---------- Records for this exercise
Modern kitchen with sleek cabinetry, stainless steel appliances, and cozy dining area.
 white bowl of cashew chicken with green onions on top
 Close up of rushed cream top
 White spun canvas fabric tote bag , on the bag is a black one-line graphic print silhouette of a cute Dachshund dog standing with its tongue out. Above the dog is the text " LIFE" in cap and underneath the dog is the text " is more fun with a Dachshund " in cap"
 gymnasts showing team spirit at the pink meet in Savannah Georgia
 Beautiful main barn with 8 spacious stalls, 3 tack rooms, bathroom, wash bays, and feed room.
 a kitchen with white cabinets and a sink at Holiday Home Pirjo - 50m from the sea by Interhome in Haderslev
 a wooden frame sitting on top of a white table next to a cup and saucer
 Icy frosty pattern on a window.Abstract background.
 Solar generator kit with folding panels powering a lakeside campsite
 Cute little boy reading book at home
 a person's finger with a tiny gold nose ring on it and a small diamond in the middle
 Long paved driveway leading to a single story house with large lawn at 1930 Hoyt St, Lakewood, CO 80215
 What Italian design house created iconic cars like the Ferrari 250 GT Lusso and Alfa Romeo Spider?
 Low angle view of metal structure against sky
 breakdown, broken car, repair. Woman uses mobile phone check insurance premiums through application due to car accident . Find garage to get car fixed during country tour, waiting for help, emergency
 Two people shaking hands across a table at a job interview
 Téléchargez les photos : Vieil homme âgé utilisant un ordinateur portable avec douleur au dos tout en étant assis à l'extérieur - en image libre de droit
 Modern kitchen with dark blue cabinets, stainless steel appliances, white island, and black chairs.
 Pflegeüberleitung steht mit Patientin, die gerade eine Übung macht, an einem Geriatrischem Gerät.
--------------------
### Work to complete
Write out exactly the lines that fall from the line with "Long paved driveway" to the line with "Low angle view" in the records above, keeping both ends.

### Answer to the problem
 Long paved driveway leading to a single story house with large lawn at 1930 Hoyt St, Lakewood, CO 80215
 What Italian design house created iconic cars like the Ferrari 250 GT Lusso and Alfa Romeo Spider?
 Low angle view of metal structure against sky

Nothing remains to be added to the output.